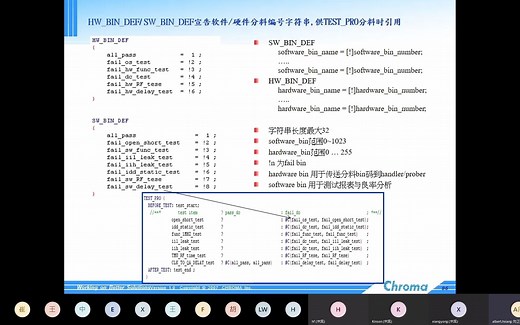 IC测试机使用教程P87-P95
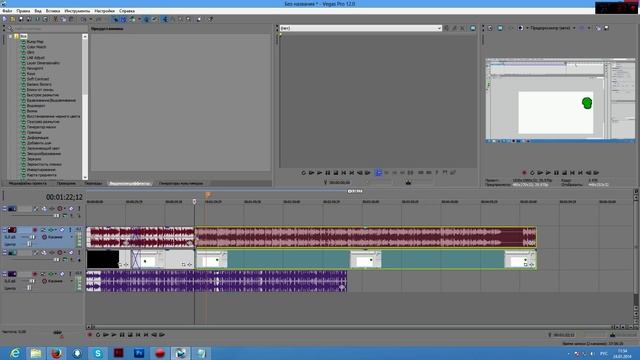 Монтаж в Sony Vegas Pro (Windows Community) смотреть онлайн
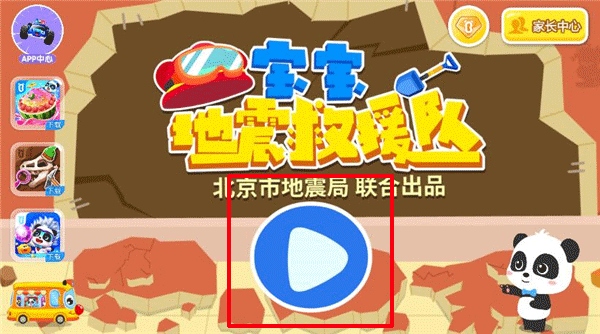 宝宝地震安全32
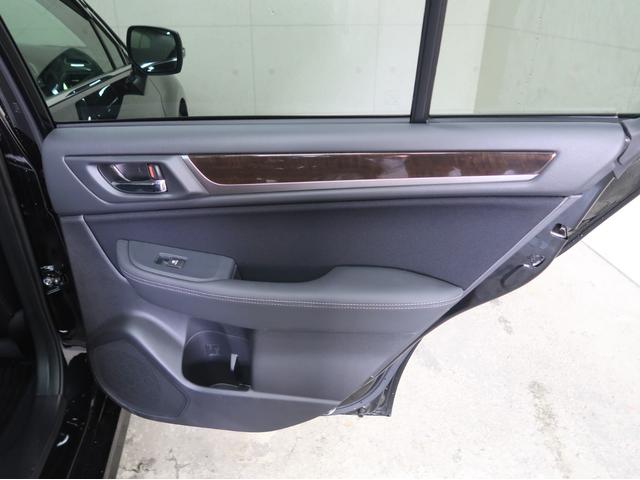 レガシィB4 ベースグレード メモリーナビ バックカメラ アダプティブクルーズコントロール スマートキー ETC パワーシート 純正アルミホイール LEDヘッドライト(26枚目)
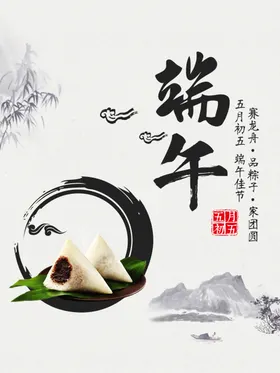 端午节海报粽子促销中国风展架展架
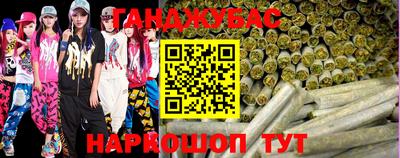 mdma Комсомольск-на-Амуре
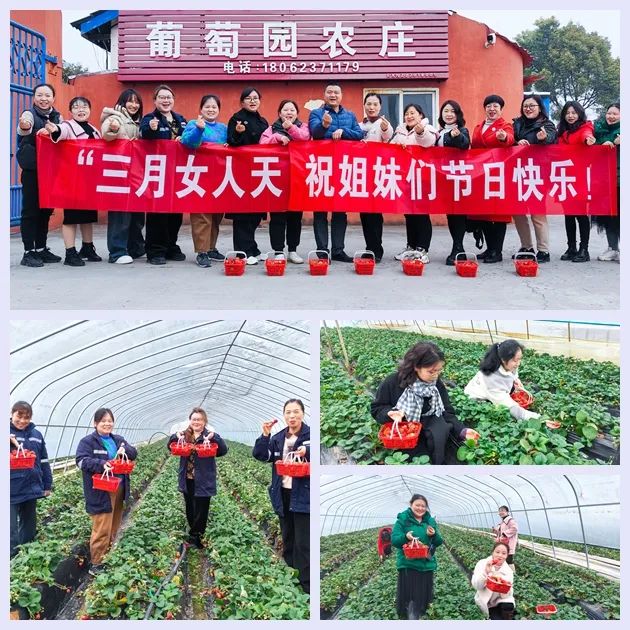【三八特輯】集團(tuán)和各分子公司開(kāi)展豐富多彩的活動(dòng)，向廣大女職工致以美好節(jié)日祝福(圖40)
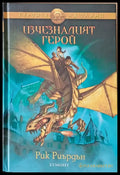 Изчезналият герой - Книги
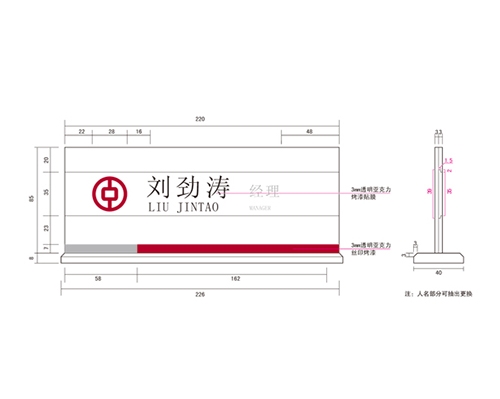 南京银行VI标识牌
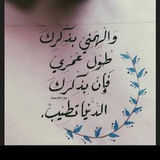Telegram profile photo for وذكر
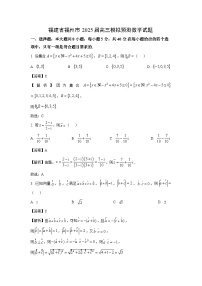 福建省福州市2025届高三模拟预测数学试卷（解析版）
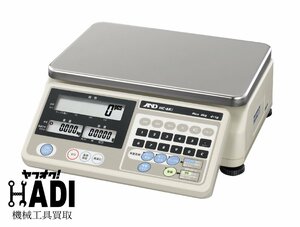 ★AND★カウンティングスケール★セパレート可能 個数計★HC6Ki-JA★ひょう量6kg 最小表示1g★未使用★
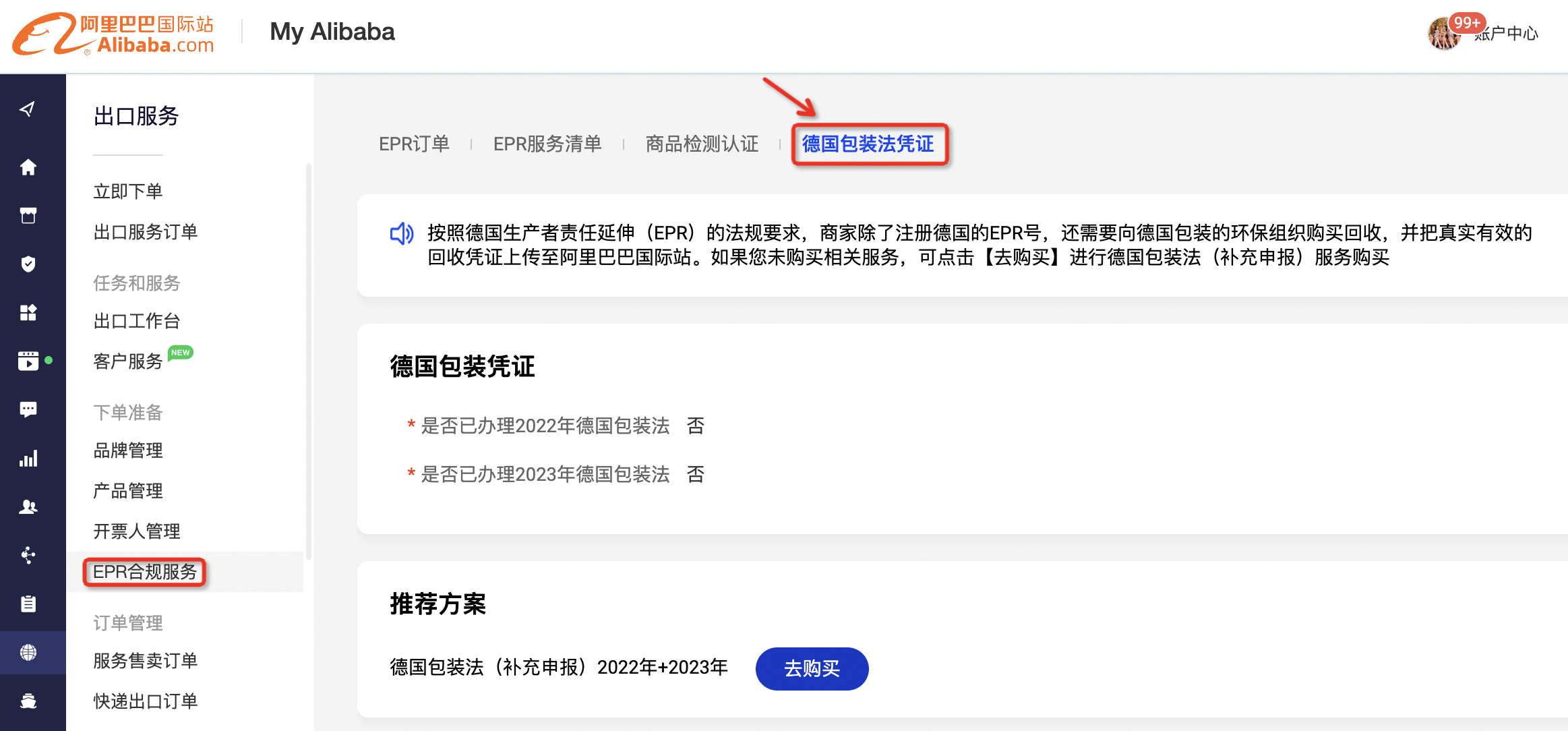 阿里巴巴国际站发布《关于德国包装EPR加入二元回收系统以及回收凭证收集合规要求》公告（内含上传指引）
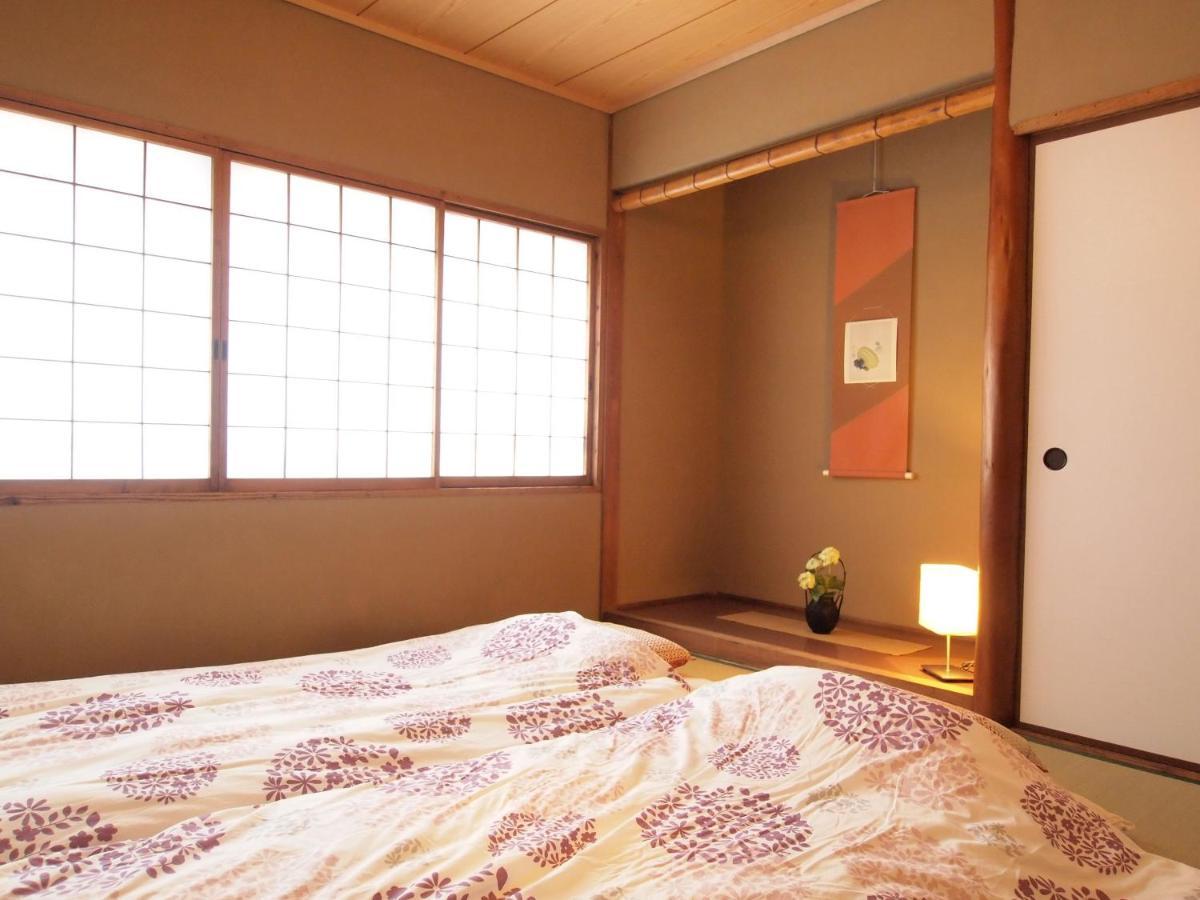 Holiday home Nishihan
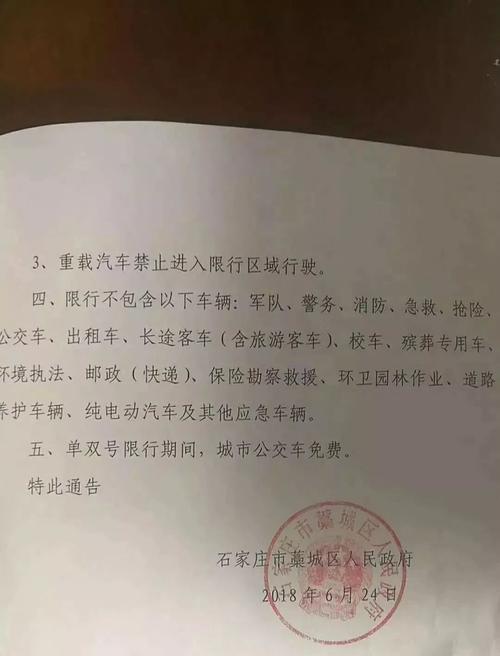 深泽县限号违法规定,深泽县限号通知-第3张图片-巾百福 深泽县限号违法规定,深泽县限号通知-第3张图片-巾百福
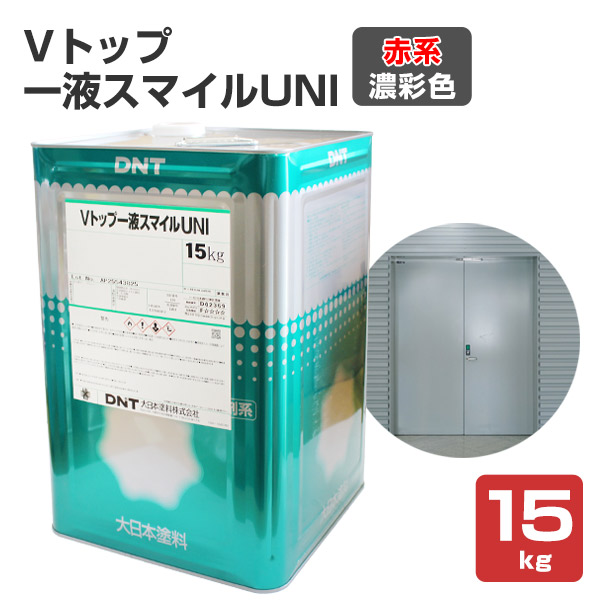 Vトップ一液スマイルUNI  赤系濃彩色 15kg （大日本塗料/弱溶剤一液反応硬化形ウレタン樹脂塗料）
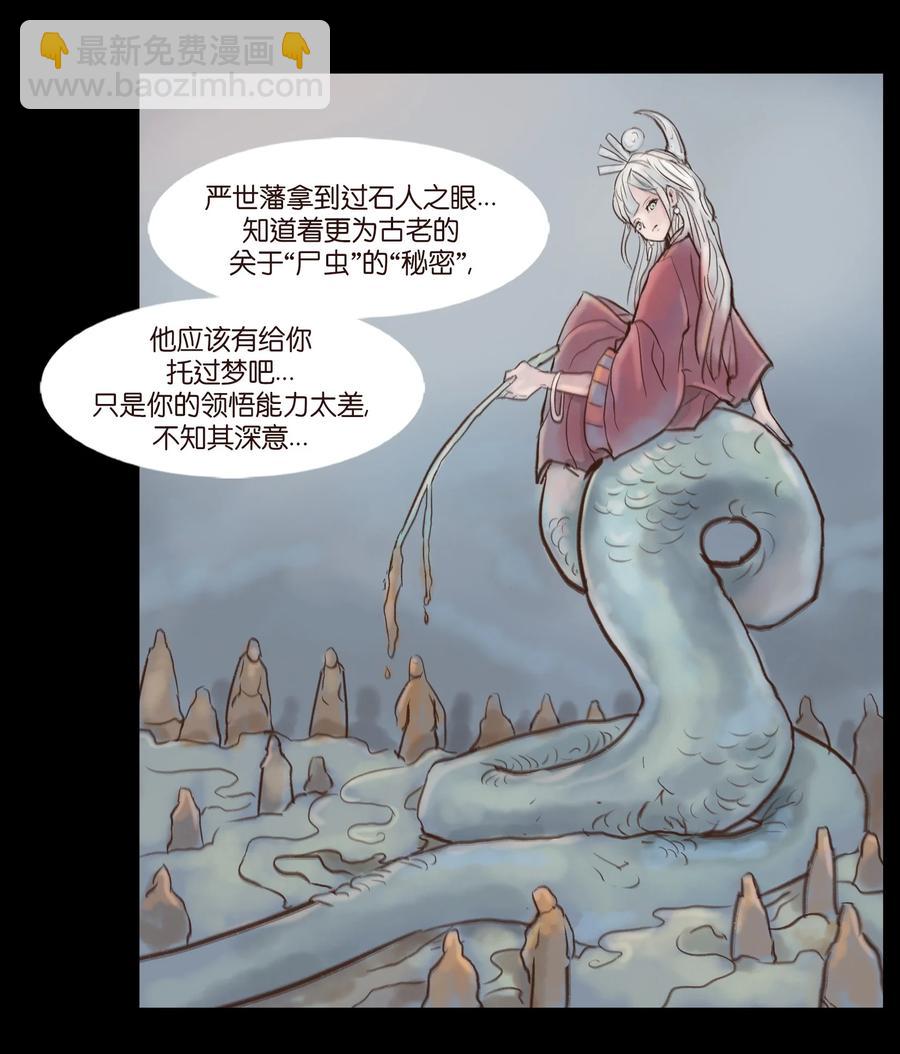 🍜妖風 100 蛇蜕 第48页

■ ■ ■ ■ ■

What is needed -
Could you return all the entries exactly as they appear, minus the pictures?

Response area -
 IC测试机使用教程P87-P95
 Монтаж в Sony Vegas Pro (Windows Community) смотреть онлайн
 宝宝地震安全32
 レガシィB4 ベースグレード メモリーナビ バックカメラ アダプティブクルーズコントロール スマートキー ETC パワーシート 純正アルミホイール LEDヘッドライト(26枚目)
 端午节海报粽子促销中国风展架展架
 mdma Комсомольск-на-Амуре
【三八特輯】集團(tuán)和各分子公司開(kāi)展豐富多彩的活動(dòng)，向廣大女職工致以美好節(jié)日祝福(圖40)
 Изчезналият герой - Книги
 南京银行VI标识牌
Telegram profile photo for وذكر
 福建省福州市2025届高三模拟预测数学试卷（解析版）
 ★AND★カウンティングスケール★セパレート可能 個数計★HC6Ki-JA★ひょう量6kg 最小表示1g★未使用★
 阿里巴巴国际站发布《关于德国包装EPR加入二元回收系统以及回收凭证收集合规要求》公告（内含上传指引）
 Holiday home Nishihan
 深泽县限号违法规定,深泽县限号通知-第3张图片-巾百福 深泽县限号违法规定,深泽县限号通知-第3张图片-巾百福
 Vトップ一液スマイルUNI  赤系濃彩色 15kg （大日本塗料/弱溶剤一液反応硬化形ウレタン樹脂塗料）
 🍜妖風 100 蛇蜕 第48页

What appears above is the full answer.